While designing solutions for any business problem with the help of machine learning many challenges are faced like data gathering, cleaning, transformation etc But the most important and critical is prediction errors. Machine learning algorithms aim to learn underlying pattern hidden in the dataset and this can be validated by check performance on the new or test data. Consider a case when solving a classification task, even if we have done a good amount of feature engineering, selection, still the algorithm gives huge misprediction, and the reasons can be that the algorithm selected is not that flexible to get the underlying pattern hidden in the dataset.
Generally, the error given by an algorithm is summed up as
ERROR=Bias2 +Variance +Irreducible Error
Let’s understand each component of the error one by one
Bias = This is simplifying assumptions made by the model to make the target function easier to learn.
Variance = Variance is the amount that estimate of the target function will change if the training data has been changed.
Irreducible Error = This error is native to the algorithm and cannot be reduced.
The goal of any supervised machine learning algorithm is to best estimate the mapping function for the output variable (y) given input data X.Mapping function is the hidden pattern in layman terms to understand.

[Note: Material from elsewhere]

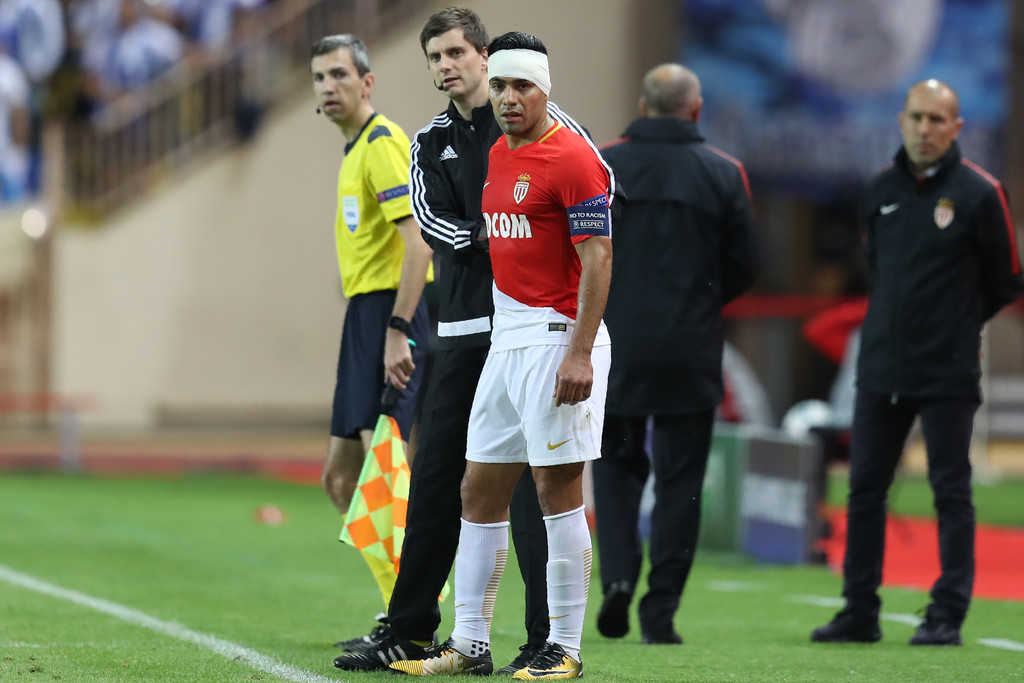 Monaco 0-3 Porto: Falcao bị che mờ bởi Aboubakar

The equation of the best fit line is called a mapping function.
Let’s see which machine learning algorithms have bias and variance
- Linear algorithms like Linear Regression, Logistic Regression, LDA have high bias making then to learn faster but ultimately low test performance.
- Algorithms like Decision Tree, KNN, SVM have a low bias.
- Linear Regression, Logistic Regression and LDA have low variance.
- Decision Tree, KNN, SVM have high variance.
In short consider bias is an error of training data and variance is an error of test data.
Let’s use train and test error to actually determine the bias and variance of the model.
Case 1 – When train error is 20% and the test error is 19%
Conclusion:- The created model is having high variance and high bias so this is called an under the fitted model.
Case 2 – When the training error is 2% and the test error is 20%
Conclusion:- The model has low bias and high variance. This is the condition of overfitting.
The optimal model should have low training and test error and hence that error is known as generalization error. Ultimately get a model with low bias and low variance.
Model bias and variance can be reduced by hyper tuning the parameters.
RandomForest:- Random Forest is a collection of multiple decision trees coupled parallelly. Decision tree itself has low bias and high variance i.e it will completely fit the training data(low bias ) but if a new test points come the error goes high(high variance). But when multiple decision trees are coupled with row and column sampling the combined variance offered by this collection is low. Hence Random forest is low bias and low variance model.
Boosting algorithms:- The same concept goes with boosting also as they have base learners as DecisionTree only so their aim to reduce the variance. The base learner is weak learners in which the bias is high. Each of these weak learners contributes some vital information for prediction enabling the boosting techniques to produce a strong learner. This stronger learn bring downs the variance.